Leaders of the G77 -- a UN-affiliated body representing 133 Third World nations and 80 per cent of the world's population -- held the WB, the IMF and the WTO responsible for creating conditions of abject poverty in the South and dramatically increasing the disparity between rich and poor.
In this context, the final declaration of the South Summit expressed a unified position. Building on the victory of last December's Ministerial World Trade Organisation meeting in Seattle -- which collapsed when delegates from the South categorically rejected the rich countries' dictates -- the Havana Summit reflected a consensus on major issues facing the South. In effect, the summit's final declaration condemns trade inequities imposed on the South by the current terms of globalisation.
While neo-liberalism promotes "free" trade, claiming that it ultimately promotes wealth and prosperity for all, 20 hard years of worldwide structural adjustment policies -- privatisation of public sectors, elimination of tariff and trade barriers, roll-back of health and welfare benefits -- have only contrived to increase the chasm that separates the rich from the poor and generated an unprecedented concentration of power in the hands of the international power elite.
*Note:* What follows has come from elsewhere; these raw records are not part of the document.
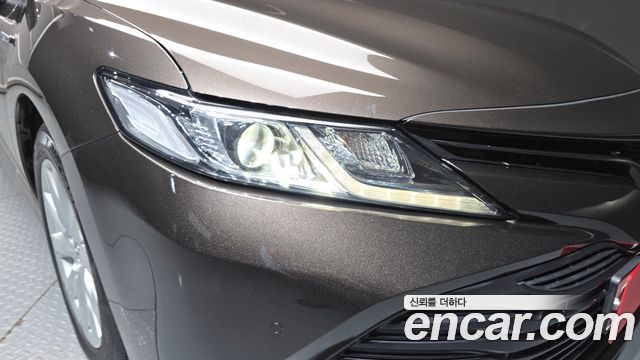 Toyota Camry 2019 — photo 8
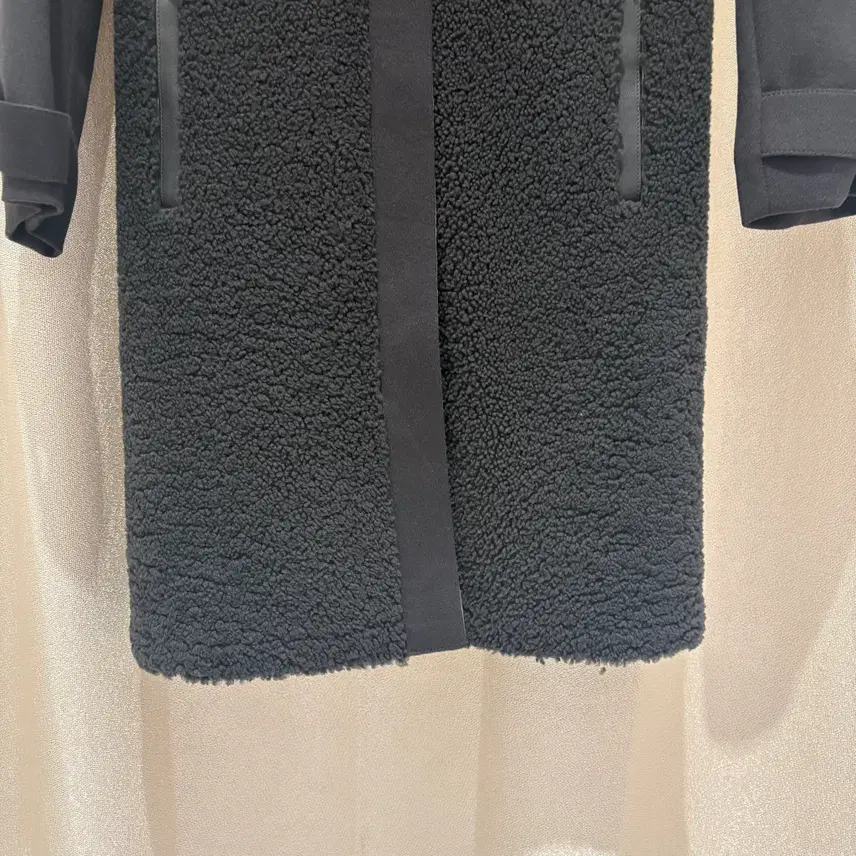 로로피아나 (38)로로피아나 카를로우 컬리 시어링 블랙 사진 4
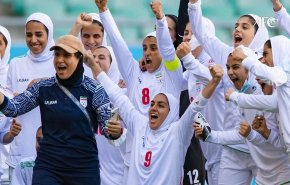 بالفيديو.. الاتحاد الآسيوي لكرة القدم يشيد بمدربة المنتخب الإيراني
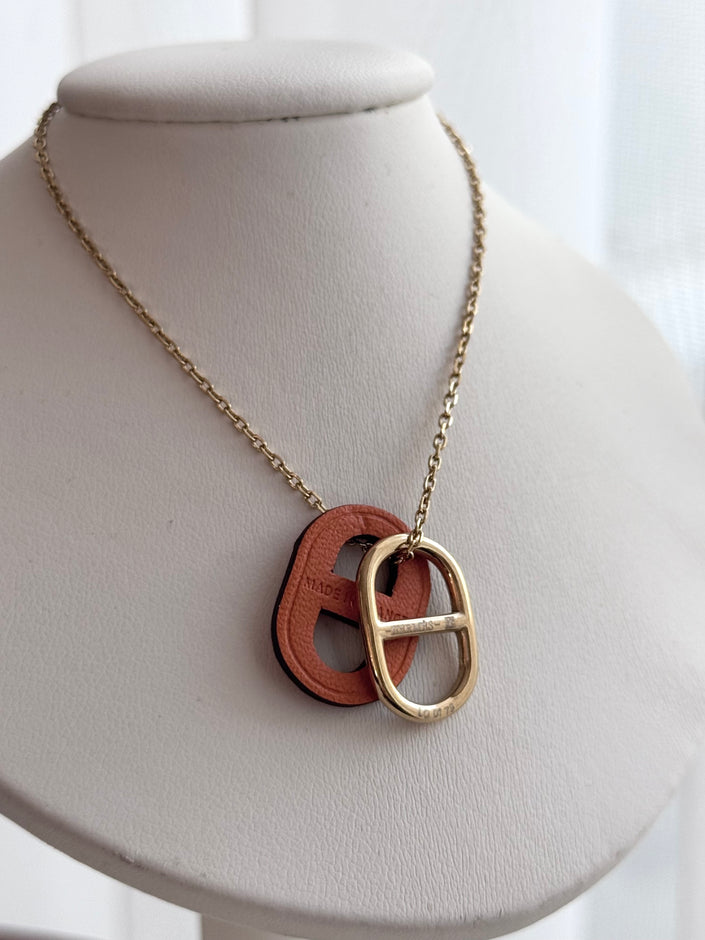 COLLAR H NARANJA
The figures speak for themselves. The combined revenues of General Motors and Ford -- the two largest automobile corporations in the world -- together exceed the total gross domestic product (GDP) for the whole of sub-Saharan Africa. The combined sales of Japan's top six trading companies -- Mitsubishi, Mitsui, ITOCHU, Sumitomo, Marubeni and Nissho Iwai -- are nearly equivalent to the GDP of all of Central America.
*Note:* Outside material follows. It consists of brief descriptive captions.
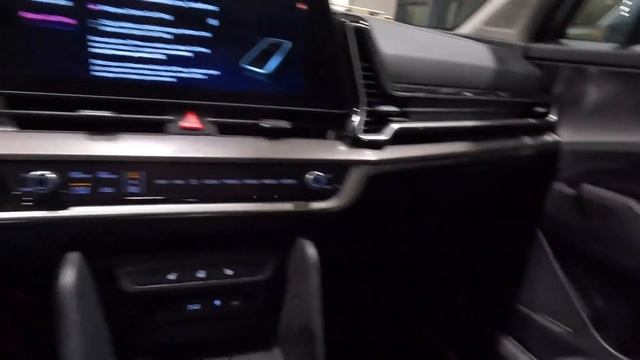 Bezprzewodowy CarPlay W Nowej Kia Sportage 2022 | YukaSteelGrey| MachinedBronze|BusinessLine|M+SMAR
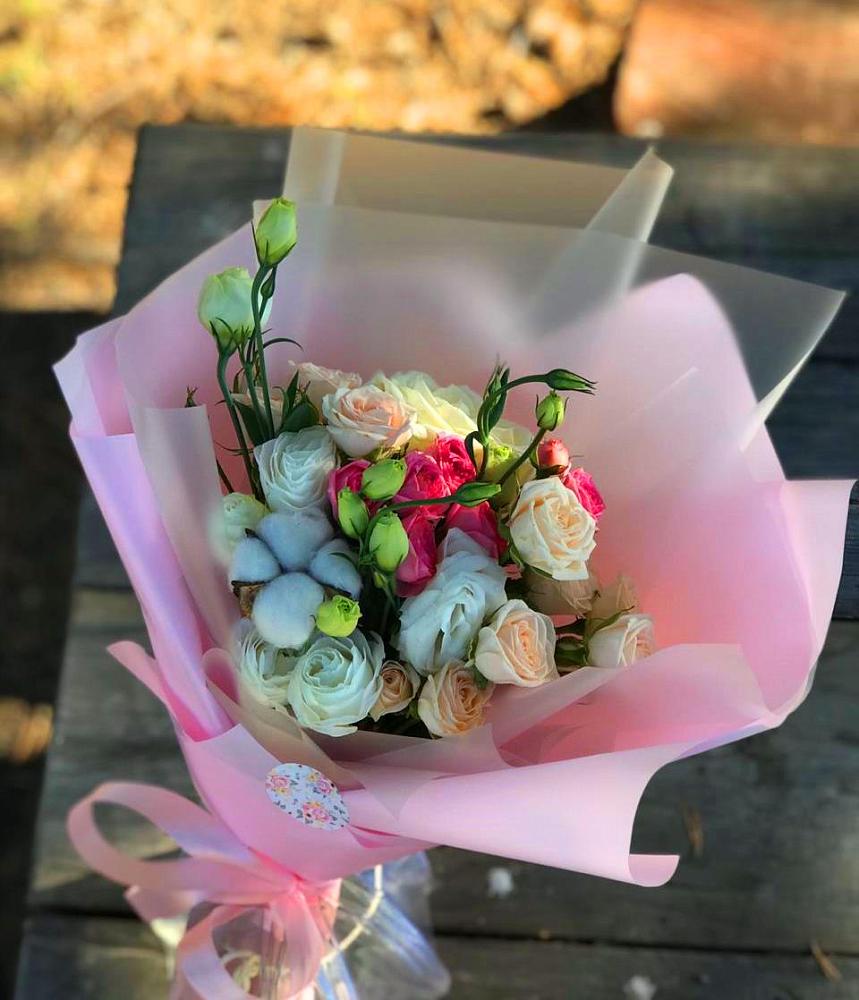 Букет цветов из: Розы и Лизиантусы в Шаранге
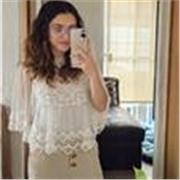 Maestra de ciencias políticas, con experiencia en derechos humanos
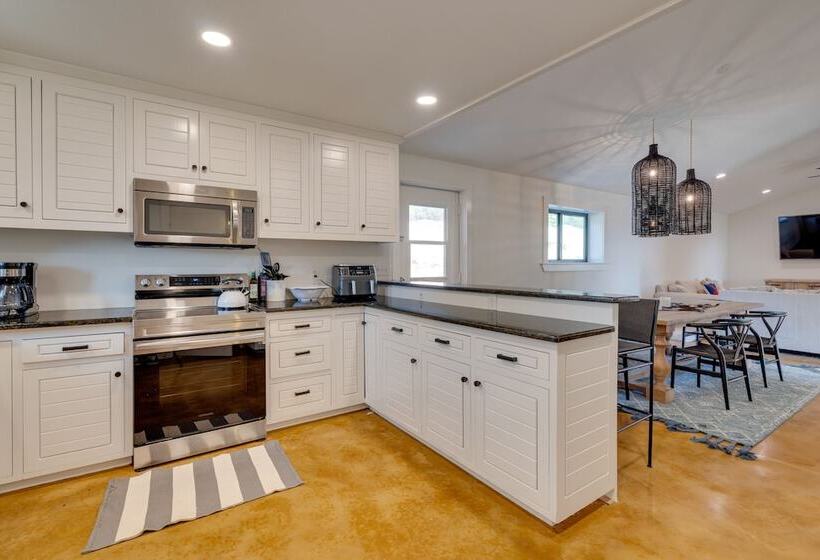 Getaway W/ Fire Pit ~ 5 Mi To Pedernales River!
Transnationals hold 90 per cent of all technology and product patents worldwide and control 70 per cent of existing global trade. This is not simply a stranglehold over the world's technologies and existing profit streams, but actually chokes the potential for development in the South.
Accordingly, the summit's final declaration defined development as a basic human right. "We will promote respect for universally recognised human rights and fundamental freedoms, including the right to development," stressed the declaration.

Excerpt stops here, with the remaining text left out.